Les auteurs de l’embuscade seraient des membres de groupes rebelles locaux, tels que les Baluma Bakula, qui visaient à tirer un million de dollars de ce butin d’hommes. Pour appuyer sur la gâchette aurait été le chef du groupe, qui répond au nom d’Aspirant, toujours en fuite au cœur de l’impénétrable nature congolaise, sur la piste de laquelle pourtant se trouvent déjà les enquêteurs congolais.

Qu’il s’agisse d’un tournant, les faits devront le prouver, dans une région où règne l’impunité et depuis des décennies ceux qui tuent paient rarement. L’hypothèse, sur laquelle divers articles de presse ont émis des doutes, reste à vérifier, et le parquet de Rome, propriétaire de l’enquête sur l’embuscade, aurait demandé l’acquisition des procès-verbaux d’arrestation. Selon certaines agences, les carabinieri dei Ros devraient pouvoir entendre les soupçons sur place.

Même si la version officielle sera confirmée, des questions complexes resteraient cependant ouvertes à éclairer et qui n’excluraient pas d’autres responsabilités.

Quiconque a voyagé sur ces routes sait que le commerce des enlèvements, même dans la capitale Goma, se développe rapidement, d’autant plus que la crise économique s’est aggravée.

Les premières victimes sont les Congolais, obligés de vendre le peu qu’ils ont, de demander de l’aide, d’être privés de leurs proches, de leurs enfants. Quiconque a parcouru ces routes sait que la mort peut venir de plusieurs façons, d’une embuscade ou parce qu’elle peut se retrouver dans le piège d’un poste de contrôle mis en place par des miliciens. C’est une goutte quotidienne.

La somme qu’auraient voulu demander les ravisseurs, si la version des autorités congolaises serait confirmée, ne laisserait cependant pas supposer l’agression fortuite sur n’importe quel voyageur, mais sur un occidental, celui qui valait de l’argent, beaucoup d’argent. Il faudrait vérifier si et comment le groupe armé a eu connaissance du passage de ce convoi, si et comment il était planifié.

Savaient-ils qui était à bord ? Comme, comment?

La logistique en zone de guerre est cruciale, et extrêmement difficile, et dans la gestion de la sécurité l’un des chapitres les plus délicats est la confidentialité des informations, évoluant avec le moins de visibilité possible, perdant le fil car une voix, un murmure, suffit à incarner un projet d’enlèvement.
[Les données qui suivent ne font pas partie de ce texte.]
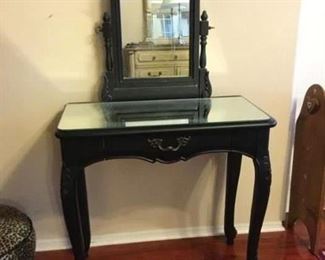 Sweet black vanity with custom made protective bevelled glass  $100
Sur cette dynamique, qui aurait pu commencer avant même le 22 février, il faudra faire la lumière, s’il était démontré que parmi ces hommes il y a bien les auteurs de l’embuscade.

Il y a un autre point sur lequel il faut clarifier: s’il est vrai qu’il pourrait s’agir d’un groupe de criminels de droit commun – qui restent armés jusqu’aux dents, habitués à vivre dans un pays en guerre où il est plus facile d’acheter une kalachnikov que de l’eau , et non de simples gangs voués au pillage – il n’est pas certain que ceux-ci n’aient pas eu de contacts avec des réalités plus structurées dans un réseau de relations, dans la galaxie des différents groupes armés, qui est tout sauf simple à démêler.

Des doutes subsistent. Sur l’identité des auteurs, sur la dynamique, sur les procédures qui auraient dû minimiser les risques.

Selon certaines informations, les autorités militaires souhaiteraient un procès public pour les suspects. Etablir la vérité est un acte de justice pour ceux qui ont perdu la vie ce jour de février et pour leurs familles, mais c’est aussi nécessaire pour construire la paix, car la guerre se nourrit de l’impunité.